Berlin: Neo-Nazis set to hold congress

Appeals court ruled a neighborhood's concerns were not enough to block it.

neo nazis 298 ap (photo credit: AP [file])
neo nazis 298 ap
(photo credit: AP [file])
A German far-right party was to open its national party congress Saturday in the capital after an appeals court ruled a neighborhood's concerns were not enough to block it. Some 700 members of the National Democratic Party, known by its German initials NPD, were expected at the meeting in the northwestern Berlin district of Reinickendorf.
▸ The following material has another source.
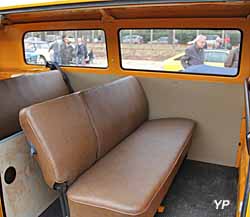 Volkswagen Combi T2b Bus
Whenever neo-Nazis hold public events in Germany their numbers are invariably dwarfed by counter-protesters, and some 2,000 demonstrators against the party congress were expected, police spokesman Christian Matzdorf said. Ahead of the meeting, however, the area was quiet, he added. The two-day congress was given the go-ahead on Friday night by a Berlin-Brandenburg administrative court, which ruled that Reinickendorf's concerns that the meeting would lead to a complete shutdown of the area's center were unfounded. "The administration of Reinickendorf's fear of the full blockade of the center ... was not convincing to the court," the court said in its ruling. Former Chancellor Gerhard Schroeder's government tried to ban the NPD, but the move was blocked by the Supreme Court when it was discovered that the government's case was based in part on inflammatory statements made by paid government informants. Though it is a fringe party at the federal level, never garnering more than a handful of votes, the NPD has made inroads at the state level and now holds seats in two state parliaments. The party holds a national congress at least every two years.